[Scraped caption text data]
* * * * *
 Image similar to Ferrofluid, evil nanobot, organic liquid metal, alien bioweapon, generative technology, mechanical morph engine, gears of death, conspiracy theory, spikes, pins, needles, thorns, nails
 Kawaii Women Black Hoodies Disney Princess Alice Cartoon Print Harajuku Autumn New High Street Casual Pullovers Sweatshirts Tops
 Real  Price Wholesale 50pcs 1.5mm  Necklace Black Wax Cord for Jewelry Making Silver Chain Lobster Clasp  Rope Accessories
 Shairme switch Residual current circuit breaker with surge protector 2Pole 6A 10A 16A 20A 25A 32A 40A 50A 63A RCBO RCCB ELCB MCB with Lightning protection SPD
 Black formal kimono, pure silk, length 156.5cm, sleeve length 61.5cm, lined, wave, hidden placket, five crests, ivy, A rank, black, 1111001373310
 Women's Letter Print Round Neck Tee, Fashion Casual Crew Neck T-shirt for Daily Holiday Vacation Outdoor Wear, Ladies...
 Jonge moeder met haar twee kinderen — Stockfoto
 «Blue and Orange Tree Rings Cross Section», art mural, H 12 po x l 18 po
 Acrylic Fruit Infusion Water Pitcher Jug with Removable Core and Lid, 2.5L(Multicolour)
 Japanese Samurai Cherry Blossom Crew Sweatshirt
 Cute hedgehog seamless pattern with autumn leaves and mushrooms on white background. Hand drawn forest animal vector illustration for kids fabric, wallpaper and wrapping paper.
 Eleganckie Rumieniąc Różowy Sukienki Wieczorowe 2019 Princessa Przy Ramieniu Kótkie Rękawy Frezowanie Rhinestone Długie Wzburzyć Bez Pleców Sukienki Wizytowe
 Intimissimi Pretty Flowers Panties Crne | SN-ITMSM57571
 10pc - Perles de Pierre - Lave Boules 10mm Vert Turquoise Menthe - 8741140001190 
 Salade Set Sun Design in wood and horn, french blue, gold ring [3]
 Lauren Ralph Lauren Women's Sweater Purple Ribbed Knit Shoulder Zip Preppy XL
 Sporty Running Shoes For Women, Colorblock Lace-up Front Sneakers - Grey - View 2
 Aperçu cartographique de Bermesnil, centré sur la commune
* * * * *
**Task description:**
Please reproduce the lines from the line with "Kawaii Women Black" to the line with "Eleganckie Rumieniąc Różowy", both ends included, exactly as they appear above.

**Answer to this problem:**
 Kawaii Women Black Hoodies Disney Princess Alice Cartoon Print Harajuku Autumn New High Street Casual Pullovers Sweatshirts Tops
 Real  Price Wholesale 50pcs 1.5mm  Necklace Black Wax Cord for Jewelry Making Silver Chain Lobster Clasp  Rope Accessories
 Shairme switch Residual current circuit breaker with surge protector 2Pole 6A 10A 16A 20A 25A 32A 40A 50A 63A RCBO RCCB ELCB MCB with Lightning protection SPD
 Black formal kimono, pure silk, length 156.5cm, sleeve length 61.5cm, lined, wave, hidden placket, five crests, ivy, A rank, black, 1111001373310
 Women's Letter Print Round Neck Tee, Fashion Casual Crew Neck T-shirt for Daily Holiday Vacation Outdoor Wear, Ladies...
 Jonge moeder met haar twee kinderen — Stockfoto
 «Blue and Orange Tree Rings Cross Section», art mural, H 12 po x l 18 po
 Acrylic Fruit Infusion Water Pitcher Jug with Removable Core and Lid, 2.5L(Multicolour)
 Japanese Samurai Cherry Blossom Crew Sweatshirt
 Cute hedgehog seamless pattern with autumn leaves and mushrooms on white background. Hand drawn forest animal vector illustration for kids fabric, wallpaper and wrapping paper.
 Eleganckie Rumieniąc Różowy Sukienki Wieczorowe 2019 Princessa Przy Ramieniu Kótkie Rękawy Frezowanie Rhinestone Długie Wzburzyć Bez Pleców Sukienki Wizytowe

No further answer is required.